● THE TASK: Locate the line that contains "What Are Spam Text Messages?". Retype it and every line after it to the end of the records, exactly, but not the pictures.

SUPPLIED RECORDS section start

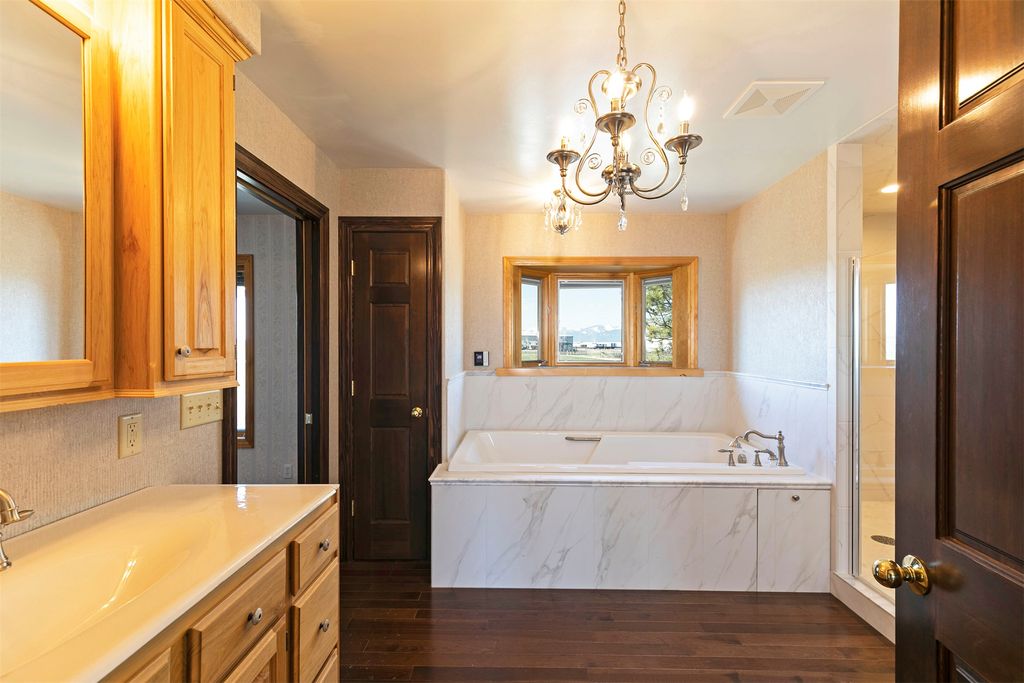 522 Stevensville Airport Road, Stevensville, MT 59870 photo 18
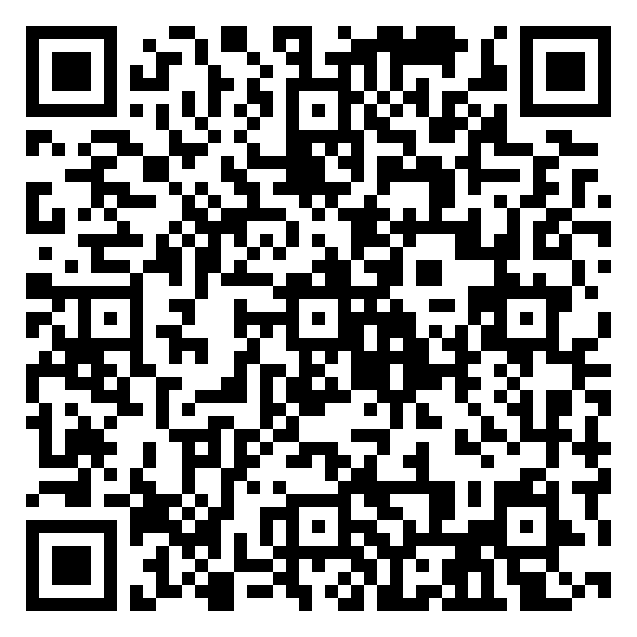 QR code 38641459600000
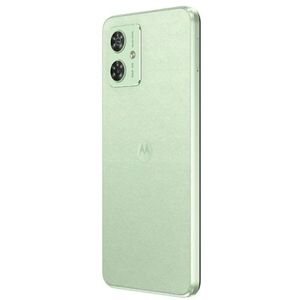 Motorola Moto G54 256 GB - Verde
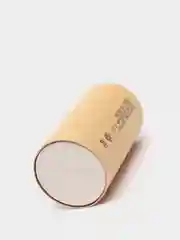 Аккумулятор Ni-Cd SC 1300mah 1.2V картонная оболочка (факт. 1100mah)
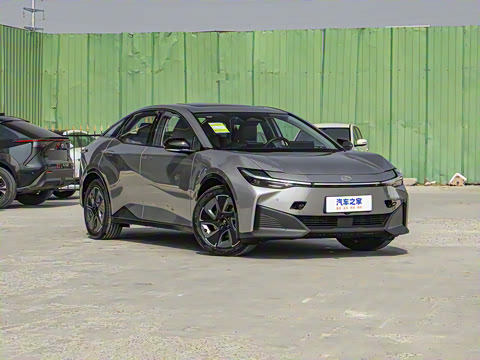 2024�� ������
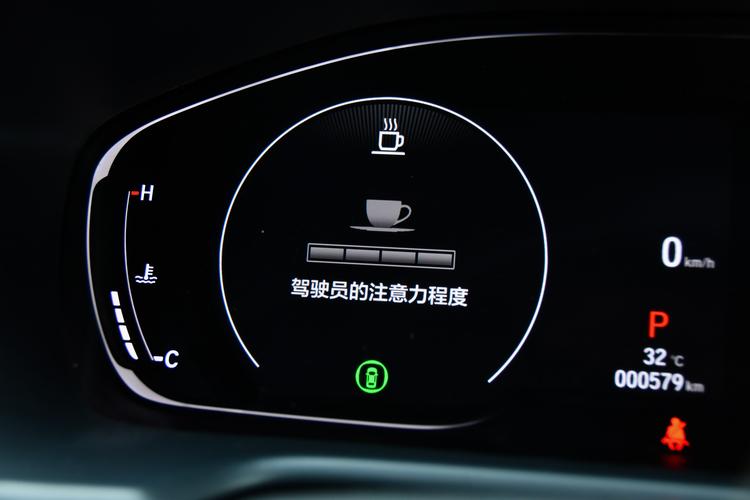 https://gcc-1307444343.cos.accelerate.myqcloud.com/gallery/58e8574f3c8c3d43687131eb60b60062.jpg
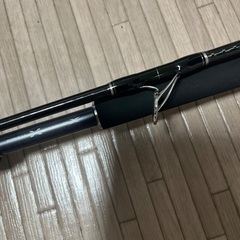 コルトスナイパーxr s96mlの画像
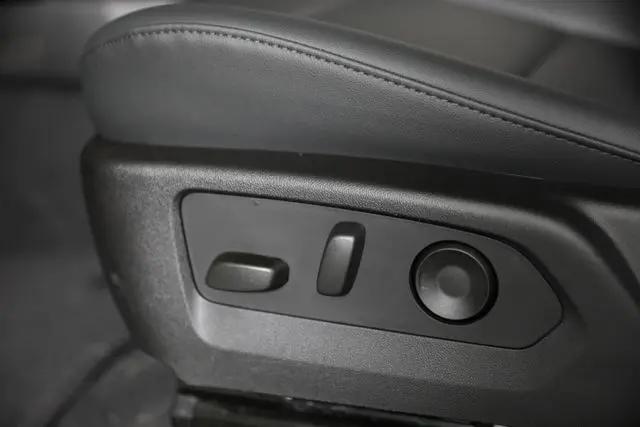 2026 Chevrolet Colorado Trail Boss, 4WD
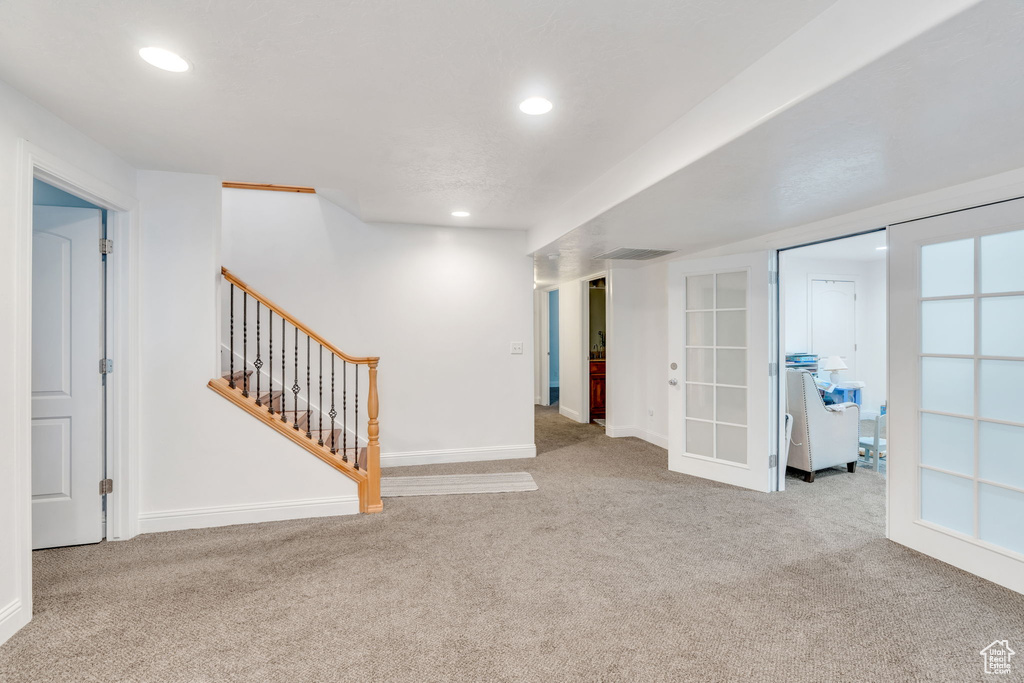 Photo 12 for MLS #2110139 at 691 E 1600 South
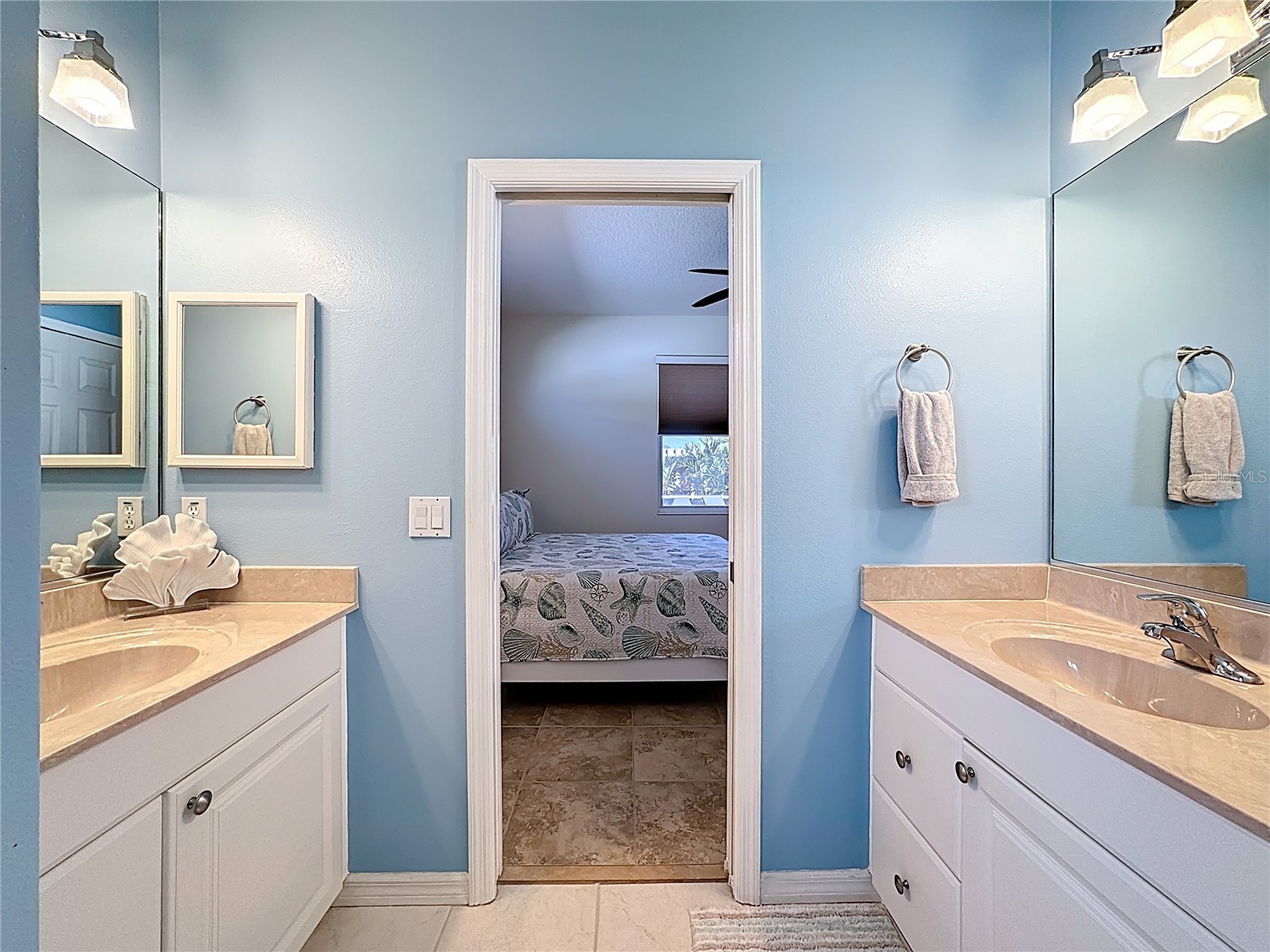 5376 Levi Lane Sarasota FL 34233 A4679594 image30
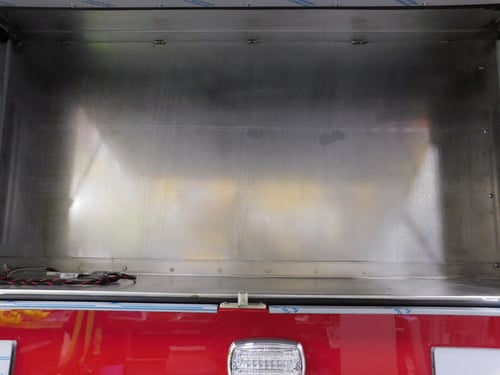 Schaumburg FD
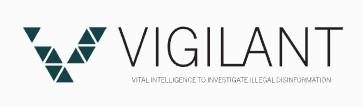 Vigilant-logo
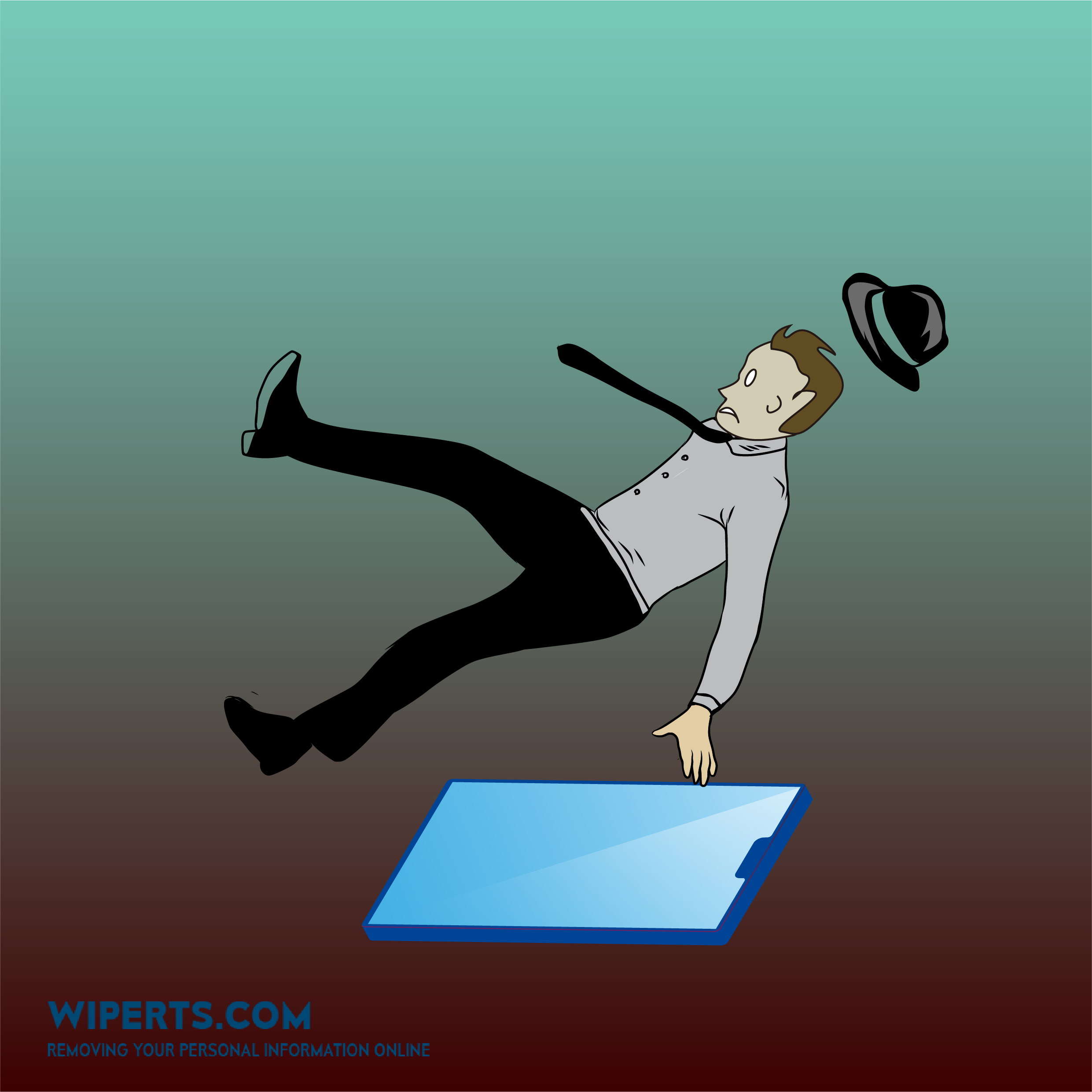 What Are Spam Text Messages?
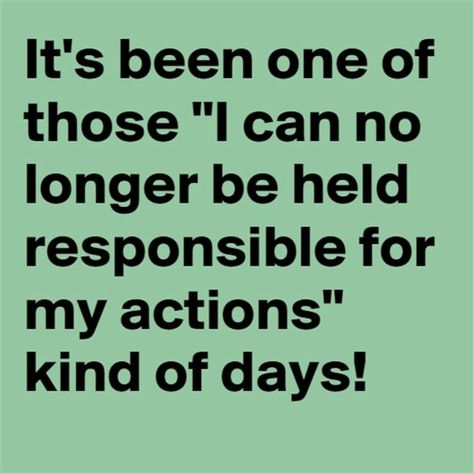 Long Day Quotes Funny, Long Day Quotes, Day Quotes Funny, Work Funny, Work Quotes Funny, Flirting Quotes Funny, Hilarious Funny, Rough Day, Flirting Humor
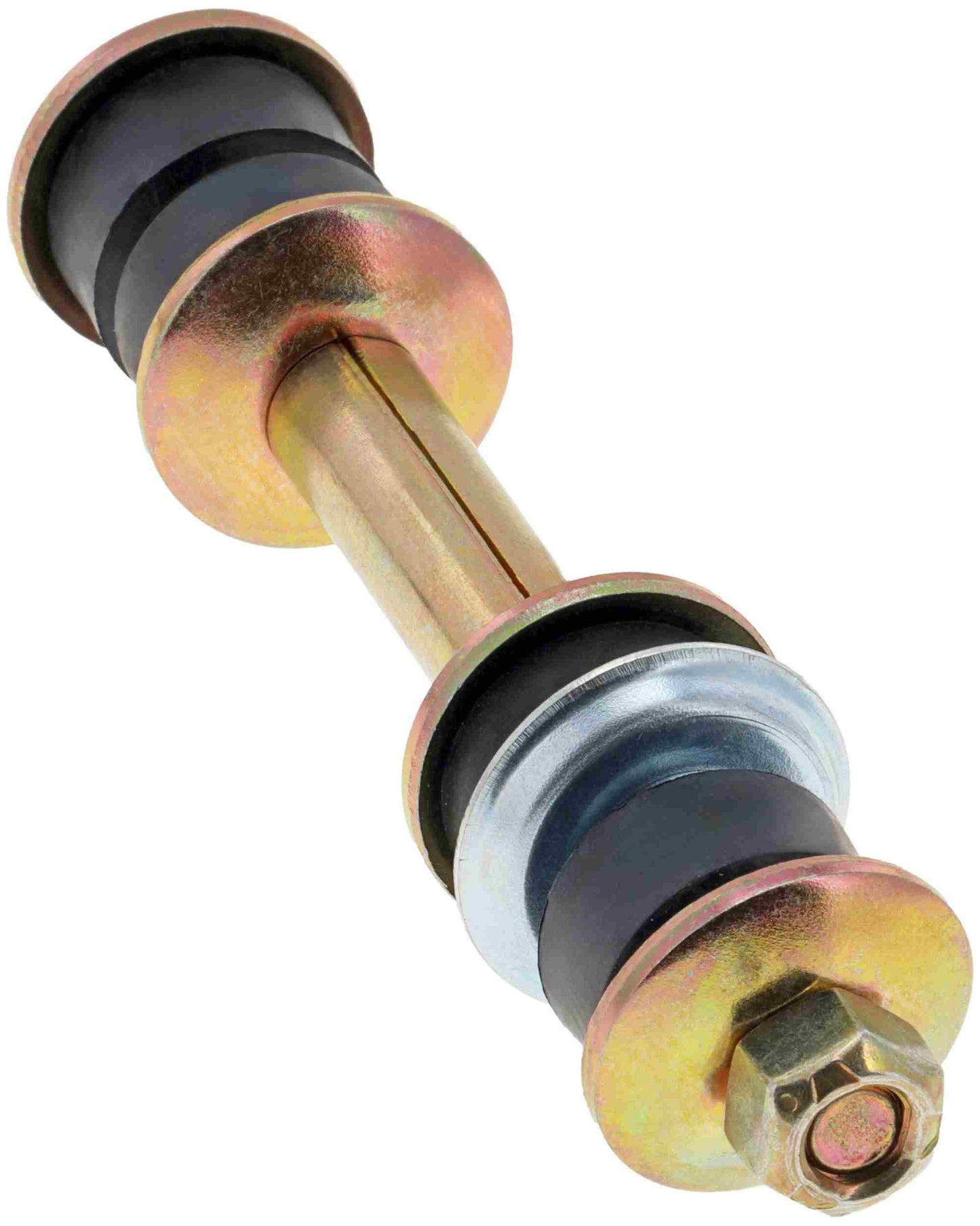 Mevotech Original Grade Suspension Stabilizer Bar Link Kit GK90250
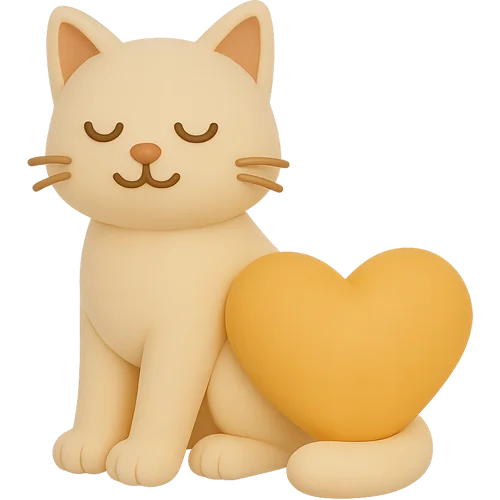 Libro infantil personalizado de Día de los Animales lleno de magia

SUPPLIED RECORDS section end

● OUTPUT:
 What Are Spam Text Messages?
 Long Day Quotes Funny, Long Day Quotes, Day Quotes Funny, Work Funny, Work Quotes Funny, Flirting Quotes Funny, Hilarious Funny, Rough Day, Flirting Humor
 Mevotech Original Grade Suspension Stabilizer Bar Link Kit GK90250
 Libro infantil personalizado de Día de los Animales lleno de magia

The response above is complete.